Arts & LifeMusic

New Music with Nick: ‘Mr. Morale & The Big Steppers’ by Kendrick Lamar

May 25, 2022, 8:49 p.m.

Welcome to “New Music with Nick.” In this column, I will be reviewing some of the most notable new album releases across various genres, focusing on hip-hop, R&B and pop music. Join me in exploring the ever-shifting landscape of the streaming era.

Kendrick Lamar: “Mr. Morale & The Big Steppers (May 13, 2022)

After five years, the legend has finally returned. One of the most acclaimed and respected rappers of all time, Kendrick Lamar has arrived with his fifth studio album, “Mr. Morale & The Big Steppers.” After his first four albums — which have already cemented him as a historical great — everything done subsequently is really just building a generational legacy. With a discography as elite as nearly any hip-hop figure, he has never failed to reinvent his sound.

An already reclusive and mysterious celebrity, Kendrick Lamar’s tendency to seek isolation was unfortunately enabled by the COVID-19 pandemic. The period of isolation that left many people alone to reflect on their own thoughts certainly had the same effect on Lamar. His past work has focused on Compton, America and the world at large, encouraging people to come to terms with societal issues and deep cultural struggles. His newest work keeps all of these concepts in mind, but focuses inward more precisely than ever — taking on that responsibility of self-reflection, he delivers his most personal work to date.

From front to back, the album offers an intimate look into the life and mind of one of modern pop culture’s more honorable figures. The personal touch elevates the album and helps it stand out even amid Lamar’s grand collection. Seeing an artist with such a global reach and large platform being so vulnerable is simply beautiful.

If you’ve ever listened to Kendrick Lamar, you know that he has absolutely no fear of addressing any topic in his music. His newest album is no exception, and in fact makes some of his boldest and most courageous jumps content-wise. Lamar turns inward with a thoughtfulness, elegance and artistry that is breathtaking. Put simply, this project features some of his best storytelling and some of his most emotionally complex pieces.

“Father Time” provides a marvelous and emotional look at the issues that Lamar had with his father. Beyond its narrative, the song is sonically flawless and one of the greatest and most musically complete songs of his entire career. The intro dialogue, the Sampha chorus, the chord progressions, the elaborate production and every line of each verse all combine to make a perfect song. Not a single syllable is placed without care, not a single second wasted. All of this leads to one of the more foundational songs ever released by Kendrick Lamar.

“Mother I Sober” sees trauma addressed head-on in some of the most direct and heartbreaking music that he has made. It is a harrowing expression of guilt, abuse, trauma and regret — a reminder to the listener that Kendrick Lamar is human. The delivery is so acutely in touch with the emotions expressed and is one of the most moving songs hip-hop has heard in years.

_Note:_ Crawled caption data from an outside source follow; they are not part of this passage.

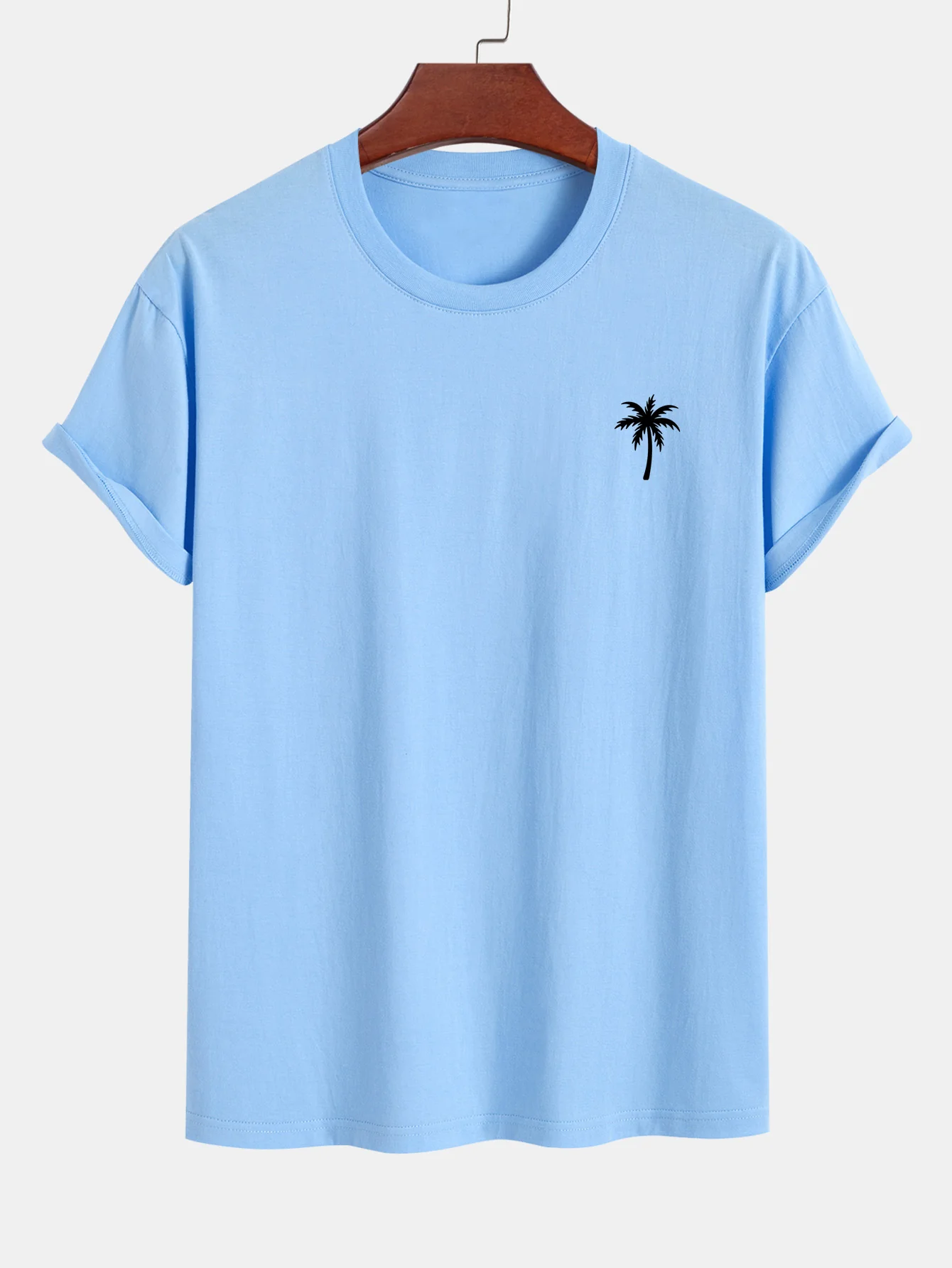 Regular Fit Palm Tree Print Cotton T-Shirt - Image 12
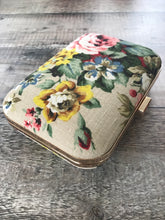 Rose Print Bark Cloth Clutch Bag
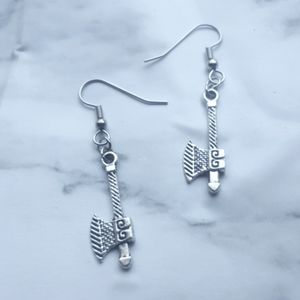 Warrior Ax Earrings Surgical Steel Silver tone Halloween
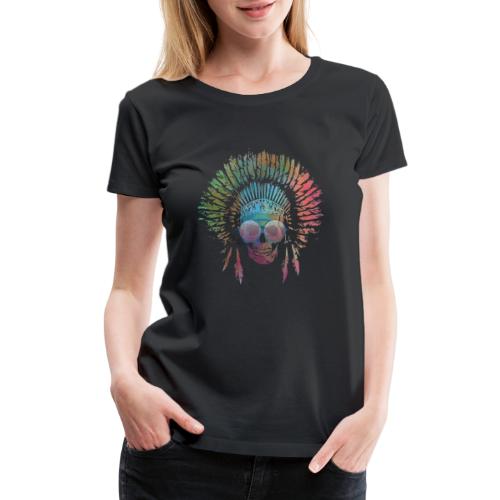Chief Skull Watercolor - Women's Premium T-Shirt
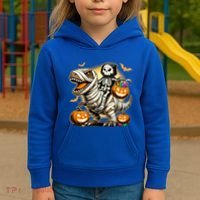 Skeleton Riding Mummy Dinosaur Halloween Pumpkin Cool Gift Kids Hoodie thumb 3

In “We Cry Together,” comedy, grief, pain and distress are all effortlessly blended in a six-minute dialogue between an arguing couple. Although humor is present, the track also presents very real issues, like the damaging aspects of relationships. Most of the tracklist has a genuine depth and meaning that warrants its own analysis.

To be sure, though the album is remarkable, it isn’t without its flaws. Sonically, this might be the least cohesive studio album that Lamar has released. The sounds and structures are all over the place, providing nice diversity, but they also hurt the cohesion between certain tracks and sections of the album. The album’s extensive length also has its pros and cons, although the former outweighs the latter. To its benefit, the album’s length gives a greater depth of character and storytelling. To its detriment, however, the length furthers some of the dispersion of sound and continues the division between the sound and theme. That said, the album’s blemishes were few and far between.

“Mr. Morale & The Big Steppers” is one of the most experimental mainstream releases that I have ever heard in hip-hop. In both structure and sound, the album was unique. Complexity and originality can be seen with idiosyncratic production and internal arrangements. Few artists in the mainstream release songs with such abstract choices in production, style and delivery — and few artists will place five-minute verses without hooks or consistently add more than two of their own verses to their songs. It is clear that his concern was authenticity and transparency, and that sales and the mainstream digestibility of the work were not priorities.

While listening to this album, consistently I have been left appreciating and recognizing the fact that there is only one artist in the world right now who could have done what he did. From a sonic standpoint, as well as from a standpoint of persona, energy, heart, soul and talent, he is undoubtedly one of a kind.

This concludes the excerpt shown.